BEGIN

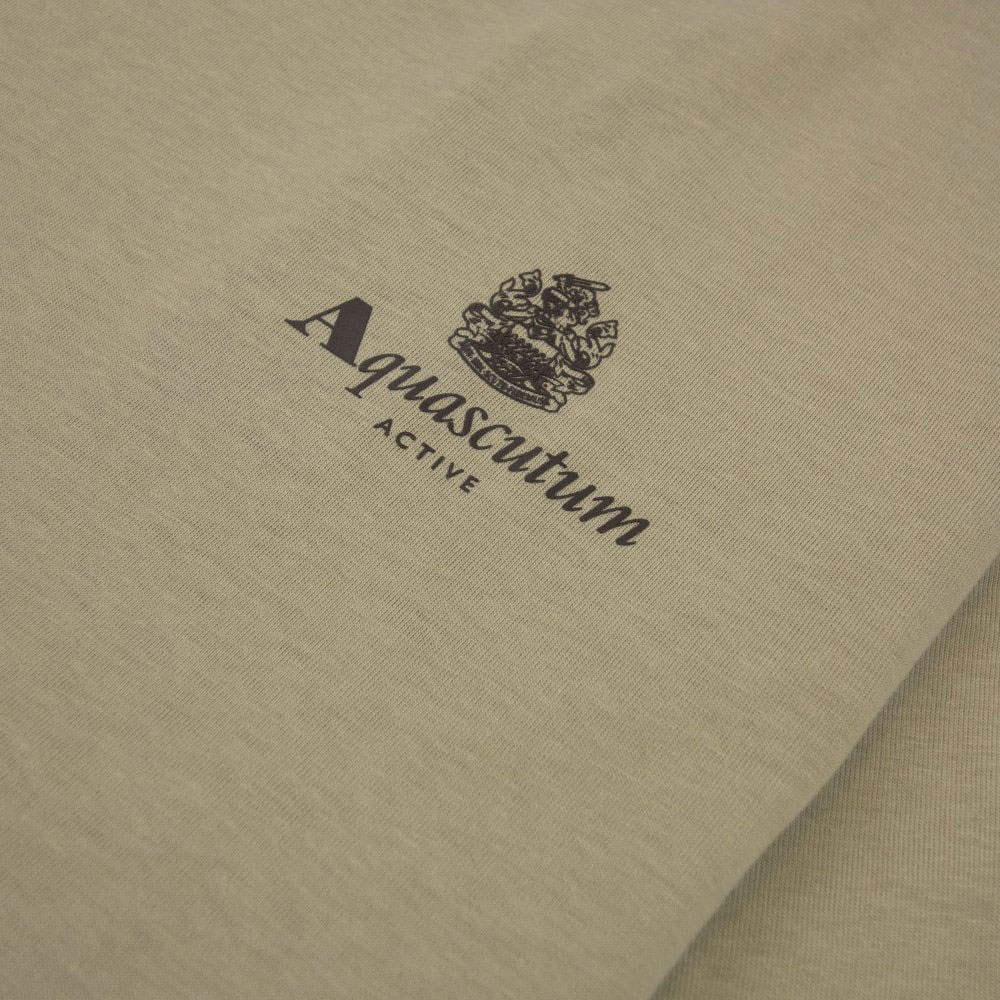 Aquascutum Active Small Logo Regular Fit Short Sleeve T-Shirt - Beige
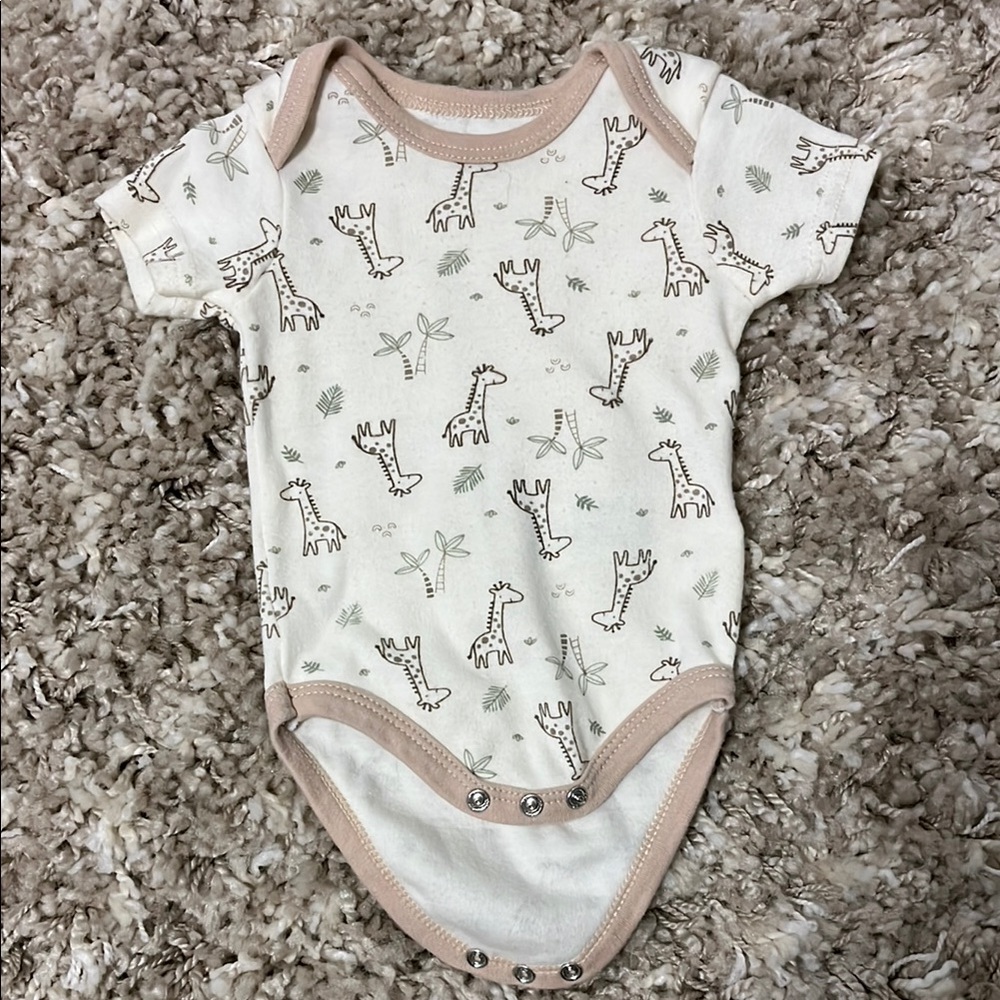 Cream and Brown Giraffe Print Bodysuit One Piece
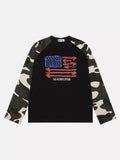 Camo Spliced Graphic Waffle Long Sleeve Tee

END

» **EXERCISE DIRECTIONS**
Every line above must appear in the answer unchanged, and no picture may appear in it.

» **RESULT**
 Aquascutum Active Small Logo Regular Fit Short Sleeve T-Shirt - Beige
 Cream and Brown Giraffe Print Bodysuit One Piece
 Camo Spliced Graphic Waffle Long Sleeve Tee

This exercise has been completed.